Dana has known Kai for nine years. He’s her best friend, and they go everywhere together. But she doesn’t know who or what he is. He looks like a handsome blond boy with laughing eyes, an easy smile and a wicked sense of humor. But although he can help her gather eggs, lift heavy buckets of water, and carry hay to feed the horses, she cannot touch him. Her hand passes through him like mist. No one else can see him, and he says he’s from a different plane of life, and the only reason Dana can see him and the others can’t, is because she’s special.

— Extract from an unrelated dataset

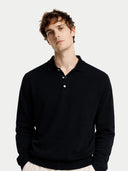 Men's Black Cashmere Polo Sweater worn by model, detail view on white background #color_black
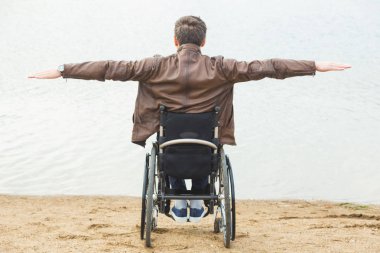 Göl kenarında bir tekerlekli sandalyede oturan genç adam.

When Dana is ten, the Maestro invites her to come and study with him in the Valley of the Wolves. Dana’s parents are poor farmers, and the money the Maestro gives them for their daughter will help feed their large family for many months. When the Maestro, Dana and Kai arrive at the Tower in the Valley of the Wolves, Dana discovers that the Maestro is a master sorcerer, and the Tower is a school for apprentice sorcerers
For the next five years Dana studies hard. But then she begins to see a vision of a woman in a gold tunic, who tells her to “look for the unicorn.” Dana looks up everything she can find on unicorns, but nothing tells her how to find one. Finally, she asks the woman, who whispers “Full moon.” Perhaps the unicorn can only be seen in the light of a full moon. But the Maestro has told her never to go into the woods at night. The wolves are too dangerous. But when the next full moon arrives, Dana teleports herself, her horse and Kai into the woods, in search of the unicorn.
What will they find there, and what will it mean for Dana, her training, her powers, and her relationship with Kai? She is seeking her destiny, but what will it be, and what sacrifices will she have to make to achieve it?